## Directions:
Would you print, word for word, only the lines running from the line with "Khoảnh khắc xe" to the last line of the entries, without the pictures?

*** Records ***

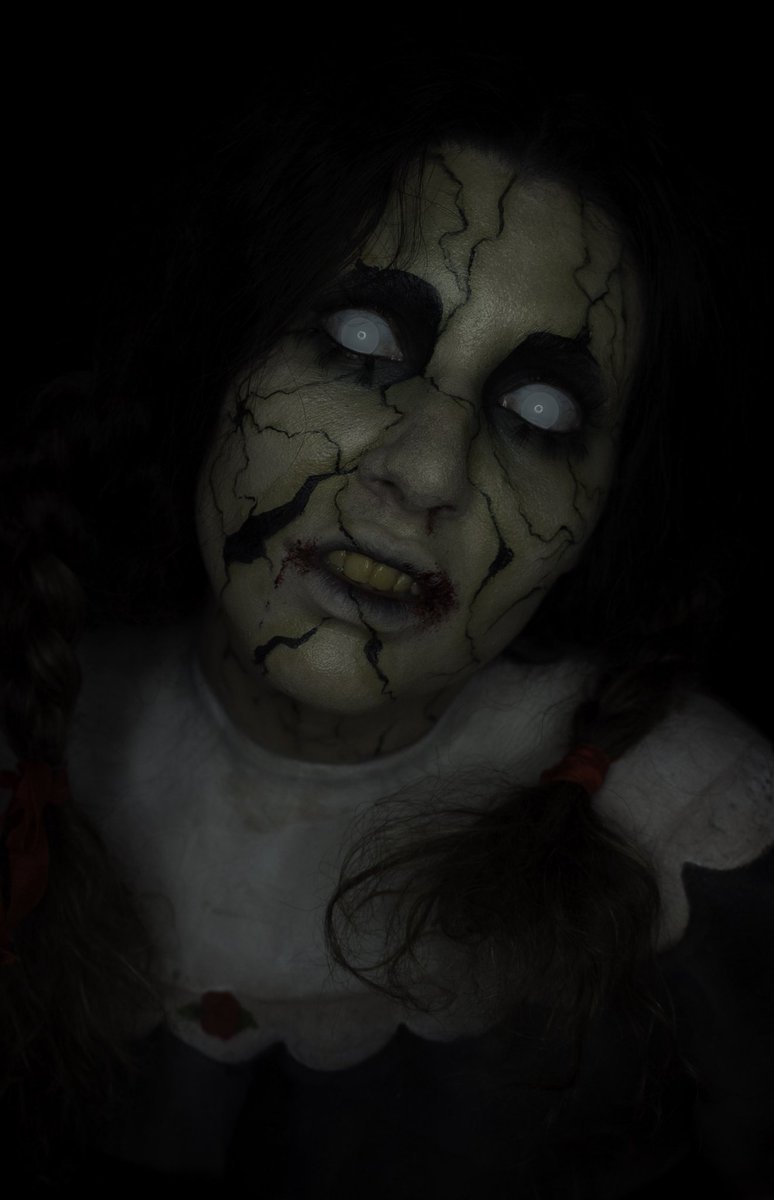 MartaPeca's tweet photo. Twitter, haz tu magia. 

(Propuesta para el concurso #TheHauntedDollHouse de @nyxcosmetics_es y @mimles_makeup ) #Dollsearch #dollsearchspain https://t.co/dSQKZIDNWL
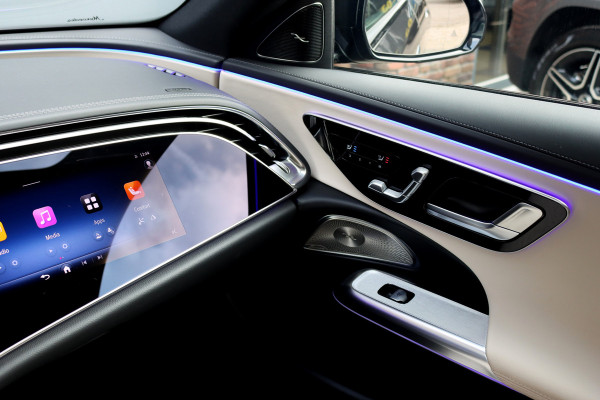 Mercedes-Benz E-Klasse Estate 300 de AMG Line | MBUX Hyperscreen | Distronic+ | Burmester 4D | Memory | Stoelventilatie | 3D-Display | HUD | Trekhaak | Digital Light | Surround Camera |
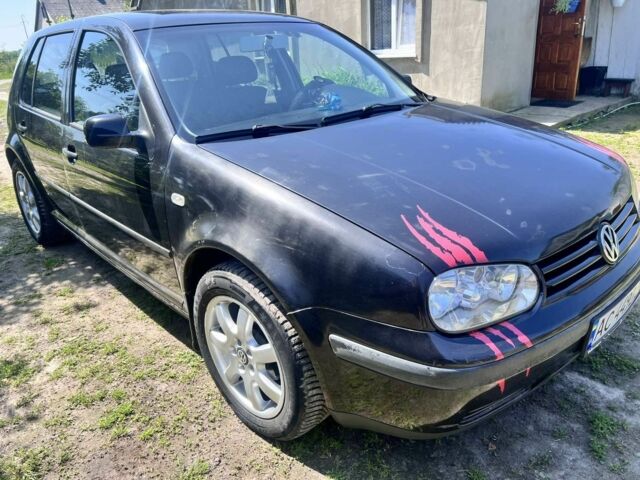 Черный Фольксваген Гольф, объемом двигателя 1.4 л и пробегом 279 тыс. км за 2850 $, фото 1 на Automoto.ua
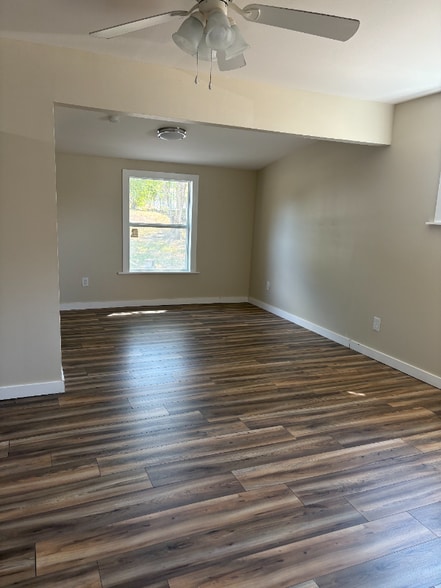 Building Photo - 205 Lackey St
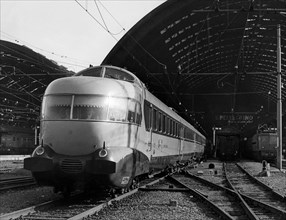 gare centrale de milan, sortie du train etr 303 settebello, 1960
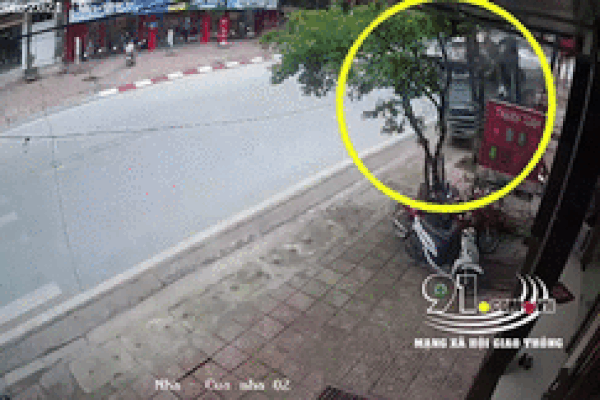 Khoảnh khắc xe đầu kéo mất lái 'san bằng' vỉa hè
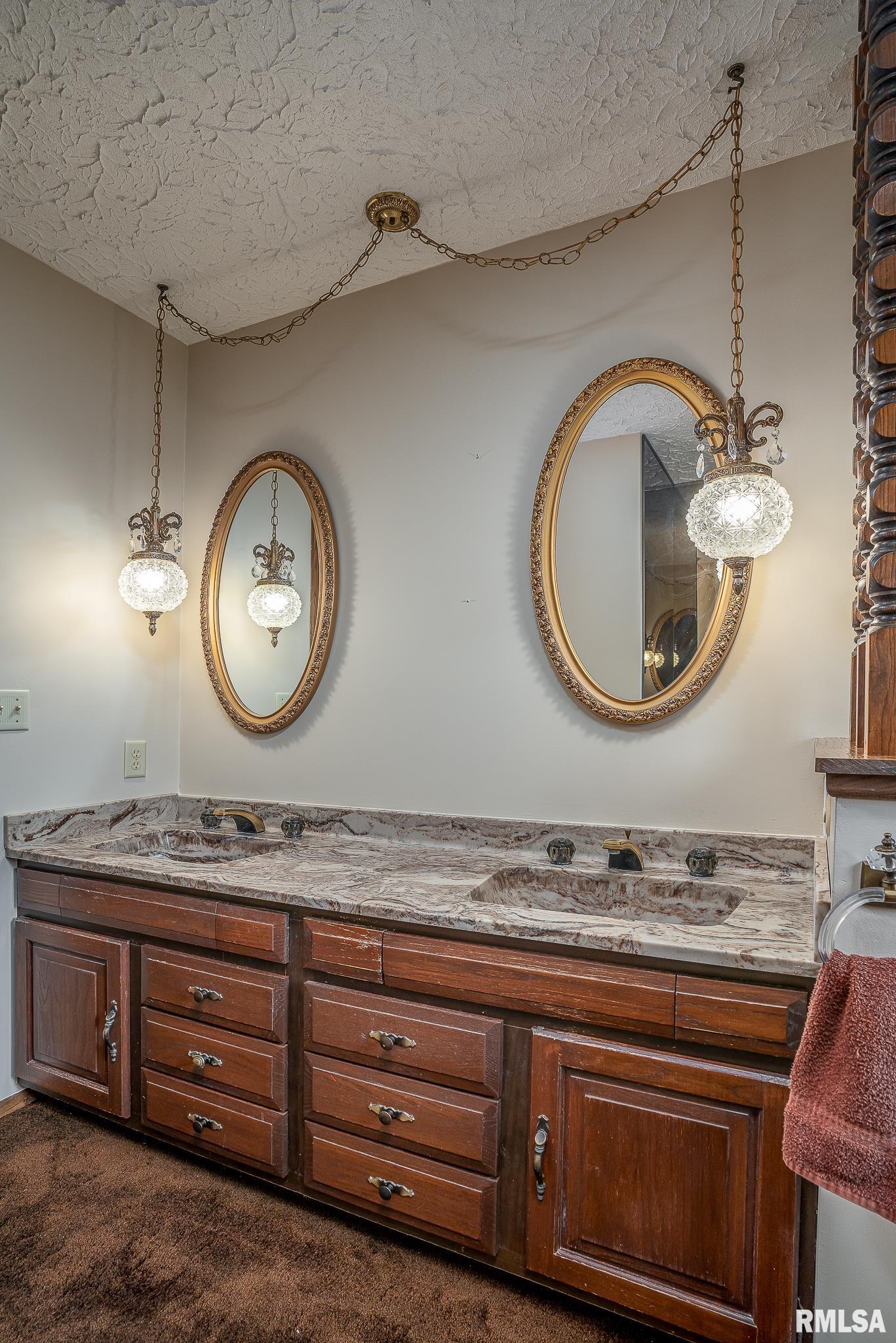 9211 88th Street West, Taylor Ridge, Illinois image 19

***

## Solution to the exercise:
 Khoảnh khắc xe đầu kéo mất lái 'san bằng' vỉa hè
 9211 88th Street West, Taylor Ridge, Illinois image 19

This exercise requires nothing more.